La aparición del contundente cuadro de Carlos Vázquez Úbeda en TEFAF, en el stand de Jack Kilgore, me ha hecho pensar en una categoría de obras de nuestro arte, las de gran formato de fin de siglo XIX y principios del XX, que salen al mercado muy de vez en cuando. Viven la paradoja de ser consideradas, a menudo también por los propios autores, como sus máximas creaciones, pero justamente por ser de tamaños demasiado ambiciosas y demasiado representativas de un gusto o un mundo que se creen superados, se encuentran con serias dificultades . Su destino natural deberían ser los museos, pero éstos no se acaban de decidir por falta de espacio o por inseguridad sobre cómo serán recibidas. ¡Esperamos que la situación cambie! El caso del óleo de Carlos Vázquez es paradigmático. La obra, expuesta y premiada en Madrid, París y Buenos Aires (donde fue adquirida en 1908) supera muchas de las otras del artista, por la fuerza de su ejecución y por el tema, más atrevido que sus recurrentes escenas costumbristas de interior.

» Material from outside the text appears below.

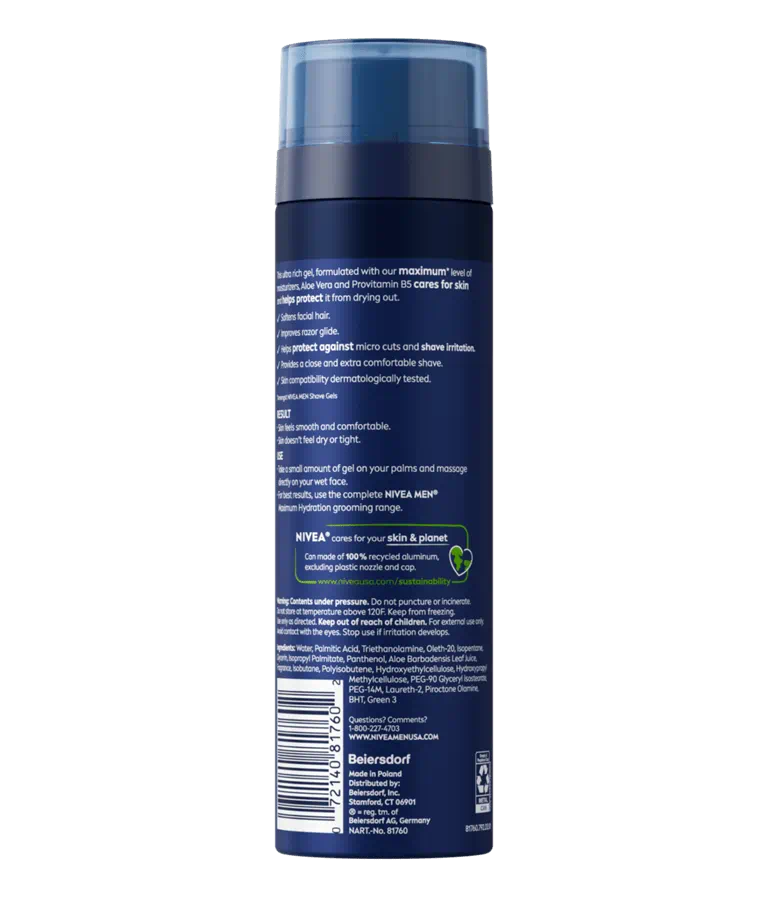 NIVEA MEN Maximum Hydration Shaving Gel, 7 oz-072140817602-LR-362726-2-LR eShop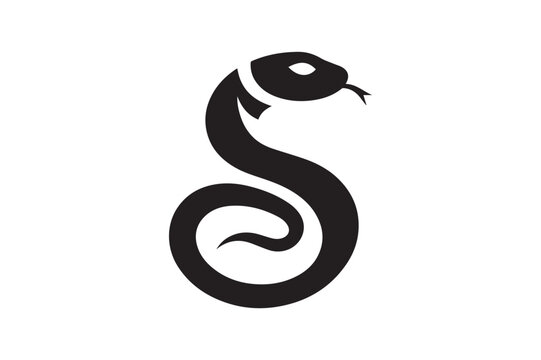 snake silhouette vector illustration, animal illustrations artwork and design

Pero haría falta un esfuerzo pedagógico importante antes de que una institución osara adquirir una representación tan clara de discriminación racial.
Aun es más evidente el caso de esta extraordinaria acuarela monumental de Antoni Fabrés, teniendo en cuenta su técnica, recientemente subastada en Londres por Christie’s. Es la obra que consolidó al artista: expuesta en la nueva galería de la Sala Parés de Barcelona poco después de su regreso de formación en Roma, el éxito fue tal que se mostró en varias ocasiones, de manera intermitente entre 1884 y 1886. Las menciones en la prensa de aquel tiempo se multiplicaron, hasta el punto que Fabrés hizo una réplica prácticamente exacta (sin fechar), que fue expuesta y también premiada en Madrid y Munich y fue adquirida por el Estado español . Con todo, el orientalismo a que responde, retratando un castigo fantasioso y exagerado, y el humor que usa (¡la cartela sobre el condenado dice “Muévete ladrón!”) no facilitan su entrada en una institución.
Expuesta al Salón de la Société Nationale des Beaux-Arts de Paris en abril 1894 y al año siguiente en la Sala Parés de Barcelona, este gran oleo actualmente en una colección privada española después de ser recuperada en Uruguay, es la culminación de la primera época de Barrau. La obra es deudora de la influencia de su maestro Pascal Dagnan-Bouveret (1852-1929) y de sus visiones de religiosidad rural bretona, pero Barrau , eliminando cualquier anécdota, adopta un estilo más claro y directo y, fiel a un realismo sin muchas concesiones, introduce aspectos tan sugerentes como el aburrimiento de la chica más joven. La escena retrata una procesión que aún se celebra hoy dia, el Via Crucis en Montsacopa, cerca de Olot. Se puede considerar una de las obras clave del ruralismo catalán, siempre tendente a la religiosidad. Pero está claro que, desde el punto de vista comercial, Barrau acertó cuando, poco después de esta obra, se decidió por seguir a Sorolla y sus escenas luminosas mediterráneas. Hay un boceto de esta obra en el Museo de Terrassa.
Son abundantes los óleos que Mas i Fondevila dedicó a Sitges, a sus rincones y a su gente, pero son contadísimos lo que presentan una visión tan amplia y tan completa como la de esta obra. Por sus medidas, probablemente debía tratarse de un encargo. El tema y la intención es clara: mostrar el pueblo reunido, pulcro y radiante, de todas las edades y clases sociales incluido lo que parece un forastero con canotier atraído por la procesión que ha comenzado en uno de los lugares más bellos de la villa: una escena idílica que encajaba perfectamente con el papel de remanso de paz que se le había asignado a Sitges y a otras poblaciones de la costa, lejos de una Barcelona cada vez más convulsa. La figura del santo venerado parece ser la de San Isidro, lo que se explicaría por los matorrales floridos que aparecen en primer término, parecidos a la retama. Se trata de una obra mayor del artista, aunque, por el momento sin el debido reconocimiento por parte de coleccionistas e instituciones.